Karya panggung itu diluncurkan melalui praacara yang mereka beri judul "Pekan Swafoto Panggung Garuda Festival Lima Gunung XVI/2017), akhir pekan lalu, melalui ritual doa warga, peluncuran buku antologi puisi "Menari Bersama Hujan" (Eka Pradhaning), pidato kebudayaan, dan pelepasan 16 ekor burung merpati sebagai lambang pedamaian dan ketenteraman.
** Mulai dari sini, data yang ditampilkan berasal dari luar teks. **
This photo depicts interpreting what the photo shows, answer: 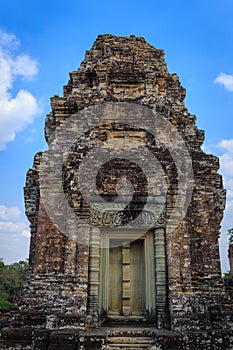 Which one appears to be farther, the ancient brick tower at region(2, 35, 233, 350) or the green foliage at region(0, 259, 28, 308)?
the green foliage at region(0, 259, 28, 308)

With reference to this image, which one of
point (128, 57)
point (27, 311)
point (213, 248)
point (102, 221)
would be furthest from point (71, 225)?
point (128, 57)

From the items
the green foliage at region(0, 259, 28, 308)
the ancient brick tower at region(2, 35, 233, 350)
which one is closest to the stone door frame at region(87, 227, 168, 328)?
the ancient brick tower at region(2, 35, 233, 350)

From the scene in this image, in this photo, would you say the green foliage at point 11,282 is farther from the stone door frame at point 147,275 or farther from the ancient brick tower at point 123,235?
the stone door frame at point 147,275

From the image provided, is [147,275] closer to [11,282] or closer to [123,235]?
[123,235]

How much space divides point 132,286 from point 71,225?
7.40 feet

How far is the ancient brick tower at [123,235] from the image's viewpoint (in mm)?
6520

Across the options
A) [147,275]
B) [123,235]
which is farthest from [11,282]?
[147,275]

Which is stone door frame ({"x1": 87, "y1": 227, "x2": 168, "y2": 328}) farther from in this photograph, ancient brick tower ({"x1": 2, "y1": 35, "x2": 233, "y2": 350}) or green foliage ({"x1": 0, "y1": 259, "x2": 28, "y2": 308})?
green foliage ({"x1": 0, "y1": 259, "x2": 28, "y2": 308})

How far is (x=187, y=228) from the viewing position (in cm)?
783

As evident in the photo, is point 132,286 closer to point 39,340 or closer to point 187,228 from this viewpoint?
point 187,228

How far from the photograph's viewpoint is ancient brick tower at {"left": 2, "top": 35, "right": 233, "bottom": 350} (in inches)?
257

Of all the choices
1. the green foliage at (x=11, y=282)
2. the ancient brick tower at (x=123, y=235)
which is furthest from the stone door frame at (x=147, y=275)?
the green foliage at (x=11, y=282)

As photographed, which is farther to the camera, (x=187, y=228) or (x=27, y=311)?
(x=187, y=228)

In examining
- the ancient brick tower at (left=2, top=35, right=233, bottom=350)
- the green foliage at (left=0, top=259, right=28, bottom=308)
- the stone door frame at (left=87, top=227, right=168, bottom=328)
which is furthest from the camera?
the green foliage at (left=0, top=259, right=28, bottom=308) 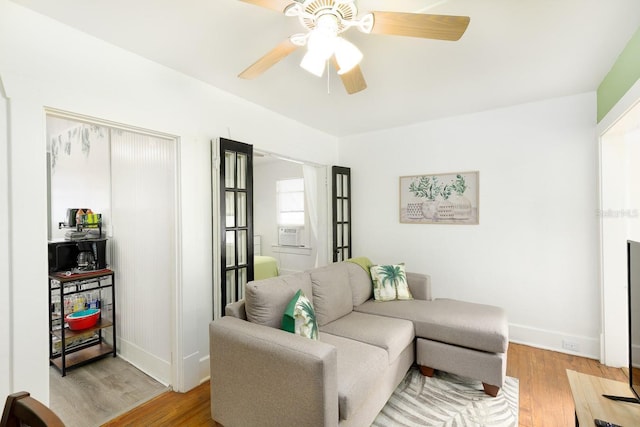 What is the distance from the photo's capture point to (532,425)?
1900mm

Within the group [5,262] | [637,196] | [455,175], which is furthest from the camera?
[455,175]

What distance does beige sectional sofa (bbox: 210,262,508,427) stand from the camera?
1.49 m

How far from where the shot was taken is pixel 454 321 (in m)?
2.31

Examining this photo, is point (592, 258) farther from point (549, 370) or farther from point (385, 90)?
point (385, 90)

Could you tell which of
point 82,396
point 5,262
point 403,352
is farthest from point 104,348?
point 403,352

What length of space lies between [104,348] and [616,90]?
4.93 meters

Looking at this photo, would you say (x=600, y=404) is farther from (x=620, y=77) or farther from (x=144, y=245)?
(x=144, y=245)

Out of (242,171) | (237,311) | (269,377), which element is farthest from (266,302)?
(242,171)

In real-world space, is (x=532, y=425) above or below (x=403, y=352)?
below

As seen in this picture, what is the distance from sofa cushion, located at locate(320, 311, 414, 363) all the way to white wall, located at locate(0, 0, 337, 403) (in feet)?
3.72

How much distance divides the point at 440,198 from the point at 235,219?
7.65 feet

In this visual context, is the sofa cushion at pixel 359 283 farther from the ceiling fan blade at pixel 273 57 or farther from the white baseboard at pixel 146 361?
the ceiling fan blade at pixel 273 57

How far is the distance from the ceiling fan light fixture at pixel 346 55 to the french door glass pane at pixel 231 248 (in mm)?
1635

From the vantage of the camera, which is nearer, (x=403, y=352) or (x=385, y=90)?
(x=403, y=352) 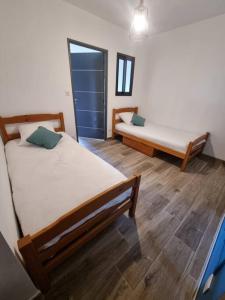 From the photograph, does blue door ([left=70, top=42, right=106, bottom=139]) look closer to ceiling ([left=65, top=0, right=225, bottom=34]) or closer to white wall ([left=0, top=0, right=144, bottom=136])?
white wall ([left=0, top=0, right=144, bottom=136])

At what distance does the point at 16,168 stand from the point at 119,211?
1232 mm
Suasana menjelang hari puncak festival telah dirasakan meriah. Festival bakal dimeriahkan, antara lain, dengan kirab budaya, pameran lukisan dan batik, pementasan kesenian tradisional dan kontemporer, pentas musik, performa seni, dan pidato kebudayaan.
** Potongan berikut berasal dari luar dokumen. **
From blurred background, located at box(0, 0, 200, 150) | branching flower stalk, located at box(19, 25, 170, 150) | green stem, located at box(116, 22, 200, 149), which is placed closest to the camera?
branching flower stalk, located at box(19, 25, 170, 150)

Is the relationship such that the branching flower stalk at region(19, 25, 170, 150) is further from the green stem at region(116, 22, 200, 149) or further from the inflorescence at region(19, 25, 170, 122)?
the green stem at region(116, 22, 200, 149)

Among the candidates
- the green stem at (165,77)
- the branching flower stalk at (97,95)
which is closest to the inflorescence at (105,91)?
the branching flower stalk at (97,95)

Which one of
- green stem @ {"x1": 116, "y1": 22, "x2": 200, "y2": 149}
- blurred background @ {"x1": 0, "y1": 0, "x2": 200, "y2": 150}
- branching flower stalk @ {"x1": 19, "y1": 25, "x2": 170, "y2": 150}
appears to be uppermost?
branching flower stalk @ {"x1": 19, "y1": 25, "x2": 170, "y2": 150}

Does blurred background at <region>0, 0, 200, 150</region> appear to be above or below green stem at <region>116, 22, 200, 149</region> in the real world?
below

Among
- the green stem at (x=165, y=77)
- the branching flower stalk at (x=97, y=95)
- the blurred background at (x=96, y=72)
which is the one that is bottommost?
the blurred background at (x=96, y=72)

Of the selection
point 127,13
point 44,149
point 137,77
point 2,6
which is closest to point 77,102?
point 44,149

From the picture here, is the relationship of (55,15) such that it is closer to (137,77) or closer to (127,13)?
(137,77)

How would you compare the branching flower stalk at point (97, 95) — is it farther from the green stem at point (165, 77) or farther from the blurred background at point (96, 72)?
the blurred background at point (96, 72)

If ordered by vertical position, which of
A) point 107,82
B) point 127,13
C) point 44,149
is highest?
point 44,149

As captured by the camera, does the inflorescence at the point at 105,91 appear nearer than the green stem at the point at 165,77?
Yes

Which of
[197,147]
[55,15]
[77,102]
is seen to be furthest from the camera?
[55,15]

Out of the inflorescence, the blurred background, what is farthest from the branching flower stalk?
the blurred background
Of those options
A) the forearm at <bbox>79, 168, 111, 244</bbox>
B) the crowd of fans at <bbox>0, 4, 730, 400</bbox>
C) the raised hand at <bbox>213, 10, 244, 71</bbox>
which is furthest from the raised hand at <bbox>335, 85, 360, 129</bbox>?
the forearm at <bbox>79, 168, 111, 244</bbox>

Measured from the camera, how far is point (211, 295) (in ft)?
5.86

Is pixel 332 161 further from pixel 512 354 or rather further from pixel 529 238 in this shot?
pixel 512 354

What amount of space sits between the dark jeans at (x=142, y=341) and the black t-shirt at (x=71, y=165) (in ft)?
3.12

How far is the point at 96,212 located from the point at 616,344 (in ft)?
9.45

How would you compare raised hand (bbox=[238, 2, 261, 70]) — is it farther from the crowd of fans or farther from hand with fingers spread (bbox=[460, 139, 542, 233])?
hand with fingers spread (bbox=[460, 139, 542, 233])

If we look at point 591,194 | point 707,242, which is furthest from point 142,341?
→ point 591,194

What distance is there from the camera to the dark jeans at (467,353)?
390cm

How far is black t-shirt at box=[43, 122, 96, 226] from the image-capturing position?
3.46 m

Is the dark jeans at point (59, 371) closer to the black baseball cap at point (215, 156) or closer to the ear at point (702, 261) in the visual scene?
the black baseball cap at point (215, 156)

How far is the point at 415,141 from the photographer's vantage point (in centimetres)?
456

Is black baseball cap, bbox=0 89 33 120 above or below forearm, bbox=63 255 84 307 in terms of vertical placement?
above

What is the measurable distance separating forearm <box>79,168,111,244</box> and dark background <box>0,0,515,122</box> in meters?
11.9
Sebagaimana penyelenggaraan festival tersebut tahun-tahun sebelumnya di desa-desa yang menjadi basis kelompok-kelompok seniman petani Komunitas Lima Gunung Riyadi yang pemimpin Padepokan Warga Budaya Gejayan itu juga merasa optimistis bakal didatangi banyak warga.

"O yo pasti, tidak hanya sekitar panggung, tetapi desa kami ini akan penuh dengan orang yang berdatangan untuk menonton pentas maupun menikmati suasana festival," ujarnya.
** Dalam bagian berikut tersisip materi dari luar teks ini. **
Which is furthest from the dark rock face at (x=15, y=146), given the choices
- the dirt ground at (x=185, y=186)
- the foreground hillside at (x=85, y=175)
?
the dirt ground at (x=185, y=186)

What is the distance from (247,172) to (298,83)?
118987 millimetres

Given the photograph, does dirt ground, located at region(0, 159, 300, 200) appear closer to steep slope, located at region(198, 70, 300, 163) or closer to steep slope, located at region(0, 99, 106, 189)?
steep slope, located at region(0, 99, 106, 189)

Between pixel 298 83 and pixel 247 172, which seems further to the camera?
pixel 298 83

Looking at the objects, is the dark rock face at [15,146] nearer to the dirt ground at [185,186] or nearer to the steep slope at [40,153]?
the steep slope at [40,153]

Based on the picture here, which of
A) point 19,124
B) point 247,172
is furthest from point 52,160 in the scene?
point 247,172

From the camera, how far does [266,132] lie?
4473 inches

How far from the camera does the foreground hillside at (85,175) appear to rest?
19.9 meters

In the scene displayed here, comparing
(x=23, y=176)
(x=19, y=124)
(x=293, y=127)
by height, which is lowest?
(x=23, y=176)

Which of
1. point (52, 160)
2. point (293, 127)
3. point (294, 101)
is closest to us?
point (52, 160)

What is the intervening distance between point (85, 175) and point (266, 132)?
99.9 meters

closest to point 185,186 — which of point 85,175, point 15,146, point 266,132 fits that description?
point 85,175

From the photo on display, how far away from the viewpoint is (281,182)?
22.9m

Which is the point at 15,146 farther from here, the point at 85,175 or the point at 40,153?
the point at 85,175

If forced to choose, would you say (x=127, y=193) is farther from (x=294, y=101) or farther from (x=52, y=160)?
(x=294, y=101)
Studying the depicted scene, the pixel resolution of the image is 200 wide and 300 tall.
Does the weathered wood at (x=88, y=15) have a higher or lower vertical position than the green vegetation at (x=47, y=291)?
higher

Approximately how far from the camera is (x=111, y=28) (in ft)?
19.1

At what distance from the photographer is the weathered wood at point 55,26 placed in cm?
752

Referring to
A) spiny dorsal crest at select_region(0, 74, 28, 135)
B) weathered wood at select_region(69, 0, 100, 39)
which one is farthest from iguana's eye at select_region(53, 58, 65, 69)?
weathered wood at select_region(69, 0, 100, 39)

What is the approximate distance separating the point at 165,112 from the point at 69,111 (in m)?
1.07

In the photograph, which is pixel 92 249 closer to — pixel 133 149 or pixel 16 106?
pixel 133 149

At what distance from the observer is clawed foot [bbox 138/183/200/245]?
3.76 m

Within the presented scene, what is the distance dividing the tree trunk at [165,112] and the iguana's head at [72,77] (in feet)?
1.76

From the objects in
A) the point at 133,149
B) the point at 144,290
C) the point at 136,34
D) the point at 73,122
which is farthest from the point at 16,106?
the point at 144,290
Festival Lima Gunung disebutnya sebagai perayaan batin orang desa yang mengungah semangat kearifan kehidupan desa, menaburkan panji-panji penghargaan terhadap keragaman, termasuk keragaman hayati, dan menyemai dengan gemuruh semangat persaudaraan antarsesama.

Tampaknya memang hanya modal sosial kuat yang bisa mewujudkan agenda kebudayaan, sebagaimana Festival Lima Gunung, karena mereka bukan sekadar menggelar festival tahunan, melainkan juga menyangkut perjalanan bersama para seniman petani dalam menghidupi proses berkomunitas selama ini.

"Modal sosial dijaga oleh warga, antarkomunitas, maupun dengan relasi yang jauh dari desa. Karena modal sosial itu, gembira pun hadir dengan tulus," ucap Riyadi yang juga salah satu pemimpin utama Komunitas Lima Gunung itu.

Kelahiran anak pertama sang dalang komunitas dianggap oleh Ketua Komunitas Lima Gunung Supadi Haryanto sebagai penggandaan anugerah Tuhan Yang Mahakuasa kepada komunitas yang dipimpinnya.

"Rasanya seperti dilipatgandakan kegembiraan festival tahun ini. Semoga bisa memberikan inspirasi kebaikan dan kegembiraan kepada lebih banyak orang. Kegembiraan dari desa," kata Supadi yang juga pemimpin kelompok seniman petani Sanggar Andong Jinawi Dusun Mantran Wetan, Kecamatan Ngablak, Kabupaten Magelang, di kawasan Gunung Andong.

Tentang kelahiran bayi tersebut, Nungki Nur Cahyani, penari kelompok "Centhini Gunung" yang berbasis di Yogyakarta dan menjadi bagian jejaring Komunitas Lima Gunung juga menungkapkan proficiatnya sambil bergurau.

"Selamat datang adek (adik, red.) mungil. Iki (ini, red.) anggota Lima Gunung termuda," katanya.

Suasana bersendau-gurau, bahkan saling mengejek, menjadi warna kental relasi di kalangan para pegiat Komunitas Lima Gunung, baik saat pertemuan-pertemuan langsung mereka maupun komunikasi melalui media sosial.

Begitu pula, ungkapan bergurau Riyadi. Ia berujar, "Bar Festival Lima Gunung sesok njor festival tilik bayi (Setelah Festival Lima Gunung dilanjutkan festival menengok bayi, red.)."

Tak terelakkan kegembiraan batin Sih Agung karena kelahiran si kecilnya bersamaan dengan rangkaian kemeriahan festival komunitasnya.

Ia seakan hendak membawa bayinya itu hadir dalam kemeriahan festival melalui ungkapannya "Ikut menyambut gegap gempita Festival Lima Gunung".